## What to do
For the entries that follow, say how many lines hold the string "Cover", with nothing else in the reply.

## Source data
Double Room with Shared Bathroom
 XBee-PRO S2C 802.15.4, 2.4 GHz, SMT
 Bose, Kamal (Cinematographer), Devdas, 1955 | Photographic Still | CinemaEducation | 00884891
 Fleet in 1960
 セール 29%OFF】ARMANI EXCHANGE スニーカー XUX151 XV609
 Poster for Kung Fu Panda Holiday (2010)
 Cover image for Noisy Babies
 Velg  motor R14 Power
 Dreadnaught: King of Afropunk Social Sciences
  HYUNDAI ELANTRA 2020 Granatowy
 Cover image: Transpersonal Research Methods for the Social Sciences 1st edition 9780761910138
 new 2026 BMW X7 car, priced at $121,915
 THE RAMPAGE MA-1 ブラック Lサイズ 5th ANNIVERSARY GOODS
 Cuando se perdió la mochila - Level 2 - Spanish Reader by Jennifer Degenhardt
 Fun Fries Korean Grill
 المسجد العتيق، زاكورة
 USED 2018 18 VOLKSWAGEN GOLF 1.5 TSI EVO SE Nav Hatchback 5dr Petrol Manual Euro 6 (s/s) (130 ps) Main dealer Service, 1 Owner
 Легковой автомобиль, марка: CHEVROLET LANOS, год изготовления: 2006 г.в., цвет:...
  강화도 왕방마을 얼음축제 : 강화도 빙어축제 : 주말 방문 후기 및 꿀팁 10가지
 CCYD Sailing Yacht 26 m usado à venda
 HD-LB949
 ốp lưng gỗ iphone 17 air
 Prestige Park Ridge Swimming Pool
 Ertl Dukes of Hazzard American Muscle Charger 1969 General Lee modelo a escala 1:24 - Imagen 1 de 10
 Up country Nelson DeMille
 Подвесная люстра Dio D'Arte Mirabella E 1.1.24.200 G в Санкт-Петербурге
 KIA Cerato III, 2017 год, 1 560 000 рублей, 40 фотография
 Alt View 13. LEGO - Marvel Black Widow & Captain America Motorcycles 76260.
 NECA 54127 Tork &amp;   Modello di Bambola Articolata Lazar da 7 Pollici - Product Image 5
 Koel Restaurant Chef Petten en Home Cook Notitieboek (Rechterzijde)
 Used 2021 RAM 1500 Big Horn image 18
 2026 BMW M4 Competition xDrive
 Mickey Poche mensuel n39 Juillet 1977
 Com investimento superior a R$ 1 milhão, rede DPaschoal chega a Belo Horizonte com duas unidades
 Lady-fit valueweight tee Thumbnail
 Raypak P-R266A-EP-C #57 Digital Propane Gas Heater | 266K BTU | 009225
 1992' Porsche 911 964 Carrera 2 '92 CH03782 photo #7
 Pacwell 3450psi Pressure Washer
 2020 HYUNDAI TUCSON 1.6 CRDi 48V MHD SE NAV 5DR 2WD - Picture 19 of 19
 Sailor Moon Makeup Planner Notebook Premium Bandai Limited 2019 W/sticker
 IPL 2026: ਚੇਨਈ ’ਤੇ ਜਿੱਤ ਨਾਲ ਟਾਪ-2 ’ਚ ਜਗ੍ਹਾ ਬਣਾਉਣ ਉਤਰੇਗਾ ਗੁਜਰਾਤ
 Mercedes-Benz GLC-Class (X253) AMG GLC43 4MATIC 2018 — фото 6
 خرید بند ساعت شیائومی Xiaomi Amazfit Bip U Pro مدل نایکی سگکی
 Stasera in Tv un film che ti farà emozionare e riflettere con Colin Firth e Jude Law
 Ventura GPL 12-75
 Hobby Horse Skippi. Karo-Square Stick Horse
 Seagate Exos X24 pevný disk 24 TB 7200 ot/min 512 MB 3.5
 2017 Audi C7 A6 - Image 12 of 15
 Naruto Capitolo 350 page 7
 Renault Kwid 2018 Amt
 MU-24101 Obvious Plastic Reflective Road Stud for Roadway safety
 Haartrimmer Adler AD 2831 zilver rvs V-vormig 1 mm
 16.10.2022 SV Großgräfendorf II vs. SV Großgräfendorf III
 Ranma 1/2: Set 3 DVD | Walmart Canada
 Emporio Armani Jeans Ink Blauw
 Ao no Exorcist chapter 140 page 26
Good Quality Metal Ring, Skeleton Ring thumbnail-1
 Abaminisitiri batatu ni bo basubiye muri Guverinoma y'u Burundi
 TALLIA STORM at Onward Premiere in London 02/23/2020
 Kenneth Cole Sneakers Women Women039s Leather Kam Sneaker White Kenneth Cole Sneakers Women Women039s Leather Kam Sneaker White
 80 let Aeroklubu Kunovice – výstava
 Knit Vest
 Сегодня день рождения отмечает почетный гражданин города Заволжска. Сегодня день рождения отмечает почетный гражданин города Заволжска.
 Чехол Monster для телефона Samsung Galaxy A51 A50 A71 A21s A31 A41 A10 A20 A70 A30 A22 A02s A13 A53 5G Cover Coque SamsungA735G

## Your response
3